Bangladesh abstains from UN resolution criticizing Russia's invasion of Ukraine

Russia's UN envoy accuses Western governments of pressuring assembly members to pass resolution, whose adoption he says could fuel further violence

Bangladesh on Wednesday abstained from voting on the resolution adopted by the United Nations General Assembly that reprimanded Russia for invading Ukraine and demanded Moscow stop fighting and withdraw its military forces.

The resolution, supported by 141 of the assembly's 193 members, was passed in a rare emergency session called by the UN Security Council while Ukrainian forces battled to defend the port of Kherson in the face of air strikes and a devastating bombardment that forced hundreds of thousands of people to flee.

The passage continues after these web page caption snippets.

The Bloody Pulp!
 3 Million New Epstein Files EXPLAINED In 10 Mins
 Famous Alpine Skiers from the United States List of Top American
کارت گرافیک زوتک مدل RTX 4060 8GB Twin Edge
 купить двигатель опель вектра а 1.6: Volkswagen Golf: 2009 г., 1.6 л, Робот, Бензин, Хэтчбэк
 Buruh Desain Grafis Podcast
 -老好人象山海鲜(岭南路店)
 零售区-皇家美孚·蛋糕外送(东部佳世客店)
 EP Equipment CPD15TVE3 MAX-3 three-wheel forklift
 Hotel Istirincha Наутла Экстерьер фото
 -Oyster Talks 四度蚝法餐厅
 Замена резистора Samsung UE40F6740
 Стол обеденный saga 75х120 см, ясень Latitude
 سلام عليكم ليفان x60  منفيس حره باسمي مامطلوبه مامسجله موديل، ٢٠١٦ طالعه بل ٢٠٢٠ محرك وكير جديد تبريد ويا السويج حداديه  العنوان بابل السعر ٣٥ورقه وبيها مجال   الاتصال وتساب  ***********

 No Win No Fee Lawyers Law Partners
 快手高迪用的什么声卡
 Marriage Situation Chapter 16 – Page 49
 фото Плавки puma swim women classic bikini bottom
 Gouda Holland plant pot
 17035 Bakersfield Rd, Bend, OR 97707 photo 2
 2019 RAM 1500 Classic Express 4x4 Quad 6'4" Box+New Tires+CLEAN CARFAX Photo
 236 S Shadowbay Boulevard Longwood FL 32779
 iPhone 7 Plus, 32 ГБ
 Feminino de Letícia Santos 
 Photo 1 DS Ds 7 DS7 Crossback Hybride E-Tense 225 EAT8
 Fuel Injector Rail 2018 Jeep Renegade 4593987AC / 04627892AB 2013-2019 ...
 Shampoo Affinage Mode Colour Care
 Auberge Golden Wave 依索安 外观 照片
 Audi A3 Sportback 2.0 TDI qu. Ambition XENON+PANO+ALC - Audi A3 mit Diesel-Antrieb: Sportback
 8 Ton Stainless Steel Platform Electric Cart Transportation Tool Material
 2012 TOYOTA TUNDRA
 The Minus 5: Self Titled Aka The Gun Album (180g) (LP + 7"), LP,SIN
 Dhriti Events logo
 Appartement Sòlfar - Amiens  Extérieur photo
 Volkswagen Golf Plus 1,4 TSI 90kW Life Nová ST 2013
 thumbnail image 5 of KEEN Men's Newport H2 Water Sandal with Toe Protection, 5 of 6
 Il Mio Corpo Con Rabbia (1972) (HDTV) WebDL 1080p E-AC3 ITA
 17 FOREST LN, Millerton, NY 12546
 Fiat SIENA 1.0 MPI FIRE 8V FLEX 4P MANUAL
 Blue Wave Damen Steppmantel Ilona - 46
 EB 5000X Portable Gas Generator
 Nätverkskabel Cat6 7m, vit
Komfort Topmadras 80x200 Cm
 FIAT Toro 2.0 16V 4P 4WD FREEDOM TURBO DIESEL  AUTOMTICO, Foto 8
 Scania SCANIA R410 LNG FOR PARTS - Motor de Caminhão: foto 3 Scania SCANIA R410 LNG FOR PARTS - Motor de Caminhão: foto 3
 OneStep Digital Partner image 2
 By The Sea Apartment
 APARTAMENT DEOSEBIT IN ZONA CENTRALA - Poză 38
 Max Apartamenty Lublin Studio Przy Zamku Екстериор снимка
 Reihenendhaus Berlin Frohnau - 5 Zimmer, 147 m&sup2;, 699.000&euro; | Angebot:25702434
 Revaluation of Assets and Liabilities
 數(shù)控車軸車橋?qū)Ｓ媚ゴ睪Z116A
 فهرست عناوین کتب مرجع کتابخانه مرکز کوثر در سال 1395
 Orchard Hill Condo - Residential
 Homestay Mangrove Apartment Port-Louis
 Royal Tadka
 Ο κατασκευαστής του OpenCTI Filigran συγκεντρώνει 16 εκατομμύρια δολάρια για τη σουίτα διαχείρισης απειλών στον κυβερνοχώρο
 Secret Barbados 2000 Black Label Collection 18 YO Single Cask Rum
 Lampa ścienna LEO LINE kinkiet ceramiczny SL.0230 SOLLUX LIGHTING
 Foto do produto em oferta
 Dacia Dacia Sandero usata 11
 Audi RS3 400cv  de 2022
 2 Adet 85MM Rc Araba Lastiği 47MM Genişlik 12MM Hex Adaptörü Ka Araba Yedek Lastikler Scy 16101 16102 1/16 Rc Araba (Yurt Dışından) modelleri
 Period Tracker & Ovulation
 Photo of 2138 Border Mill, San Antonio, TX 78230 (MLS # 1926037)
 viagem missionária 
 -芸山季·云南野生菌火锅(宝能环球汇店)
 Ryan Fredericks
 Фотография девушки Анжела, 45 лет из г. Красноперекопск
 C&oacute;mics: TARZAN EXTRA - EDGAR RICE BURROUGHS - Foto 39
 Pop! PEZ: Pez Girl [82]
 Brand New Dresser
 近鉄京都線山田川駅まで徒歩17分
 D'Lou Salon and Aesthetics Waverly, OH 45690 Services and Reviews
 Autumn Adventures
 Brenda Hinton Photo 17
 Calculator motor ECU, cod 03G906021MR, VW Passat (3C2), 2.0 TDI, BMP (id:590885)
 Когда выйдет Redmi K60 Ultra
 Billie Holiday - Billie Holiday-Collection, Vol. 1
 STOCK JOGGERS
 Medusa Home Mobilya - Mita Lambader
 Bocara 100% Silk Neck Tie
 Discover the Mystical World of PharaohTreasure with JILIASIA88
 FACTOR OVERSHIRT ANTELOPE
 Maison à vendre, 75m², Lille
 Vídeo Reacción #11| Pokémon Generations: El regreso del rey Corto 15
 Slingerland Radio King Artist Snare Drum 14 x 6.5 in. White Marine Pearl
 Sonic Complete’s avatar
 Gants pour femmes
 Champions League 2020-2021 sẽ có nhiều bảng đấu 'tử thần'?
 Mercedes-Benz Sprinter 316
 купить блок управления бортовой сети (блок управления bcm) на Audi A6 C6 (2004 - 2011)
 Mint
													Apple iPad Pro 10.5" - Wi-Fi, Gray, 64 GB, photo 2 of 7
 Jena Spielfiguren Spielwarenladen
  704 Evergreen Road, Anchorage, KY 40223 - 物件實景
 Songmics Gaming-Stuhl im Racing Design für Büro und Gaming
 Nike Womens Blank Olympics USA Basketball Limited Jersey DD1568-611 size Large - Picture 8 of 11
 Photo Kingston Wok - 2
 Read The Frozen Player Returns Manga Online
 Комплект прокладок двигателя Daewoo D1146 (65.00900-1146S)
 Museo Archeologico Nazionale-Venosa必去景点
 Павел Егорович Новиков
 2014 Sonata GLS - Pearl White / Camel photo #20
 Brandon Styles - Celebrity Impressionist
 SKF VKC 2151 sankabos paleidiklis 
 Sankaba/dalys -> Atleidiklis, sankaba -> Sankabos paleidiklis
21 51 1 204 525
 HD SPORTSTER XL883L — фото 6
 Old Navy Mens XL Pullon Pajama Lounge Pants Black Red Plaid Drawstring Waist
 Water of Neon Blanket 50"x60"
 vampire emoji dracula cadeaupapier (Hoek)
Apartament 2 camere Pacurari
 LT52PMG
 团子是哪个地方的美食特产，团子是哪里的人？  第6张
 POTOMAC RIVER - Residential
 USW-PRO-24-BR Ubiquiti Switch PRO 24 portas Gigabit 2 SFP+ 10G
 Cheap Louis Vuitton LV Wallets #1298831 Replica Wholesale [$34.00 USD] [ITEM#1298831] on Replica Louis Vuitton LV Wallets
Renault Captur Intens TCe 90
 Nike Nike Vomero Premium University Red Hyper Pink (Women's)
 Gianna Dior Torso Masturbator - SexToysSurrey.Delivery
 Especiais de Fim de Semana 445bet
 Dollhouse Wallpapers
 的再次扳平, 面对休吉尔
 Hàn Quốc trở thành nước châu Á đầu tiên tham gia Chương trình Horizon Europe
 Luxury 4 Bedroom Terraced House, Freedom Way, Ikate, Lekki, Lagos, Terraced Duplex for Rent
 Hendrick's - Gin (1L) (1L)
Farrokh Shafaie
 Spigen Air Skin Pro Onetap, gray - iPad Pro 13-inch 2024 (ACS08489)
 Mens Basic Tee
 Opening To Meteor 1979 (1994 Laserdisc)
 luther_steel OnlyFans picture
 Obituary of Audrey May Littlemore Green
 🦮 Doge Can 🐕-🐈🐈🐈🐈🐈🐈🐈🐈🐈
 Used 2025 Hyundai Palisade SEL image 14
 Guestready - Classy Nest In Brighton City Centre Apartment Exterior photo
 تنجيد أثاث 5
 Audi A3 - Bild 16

Other than Bangladesh 34 countries, including India, Pakistan and China, abstained from voting, while five countries voted against the resolution.

Russia was joined by Belarus, which has served as a launch pad for Russian invasion forces, Eritrea, North Korea and Syria in voting against the resolution.

The last time the Security Council convened an emergency session of the General Assembly was in 1982, according to the UN website. 

The text of the resolution deplores Russia's "aggression against Ukraine”.

While General Assembly resolutions are non-binding, they carry political weight, with Wednesday's vote representing a symbolic victory for Ukraine and increasing Moscow's international isolation. Even Russia's traditional ally Serbia voted in favour of the resolution.

"As 141 member states of the United Nations know, more is at stake even than the conflict in Ukraine itself. This is a threat to the security of Europe and the entire rules-based order," US Secretary of State Antony Blinken told reporters after the vote.

Russia's UN envoy, Vassily Nebenzia, denied Moscow was targeting civilians and accused Western governments of pressuring assembly members to pass the resolution, whose adoption he said could fuel further violence.

He repeated Russia’s assertion its action was a special military operation aimed at ending purported attacks on civilians in the self-declared Moscow-backed republics of Donetsk and Luhansk in eastern Ukraine.

"The evil will never stop. It requires more and more space," Ukraine's UN envoy, Sergiy Kyslytsa, said in urging passage of the resolution, calling it "one of the building blocks to build a wall to stop" the Russian offensive.

After nearly a week, Russia has yet to achieve its aim of overthrowing Ukraine's government. 

It has faced an unprecedented international backlash, especially from the West, whose sanctions have crippled Russia's financial system while giant multinational countries have pulled investments out.

Washington has imposed several rounds of sanctions, including against Russian President Vladimir Putin and the central bank, since Russia's forces invaded Ukraine in the biggest assault on a European state since World War Two. 

Moscow calls the assault a "special operation”.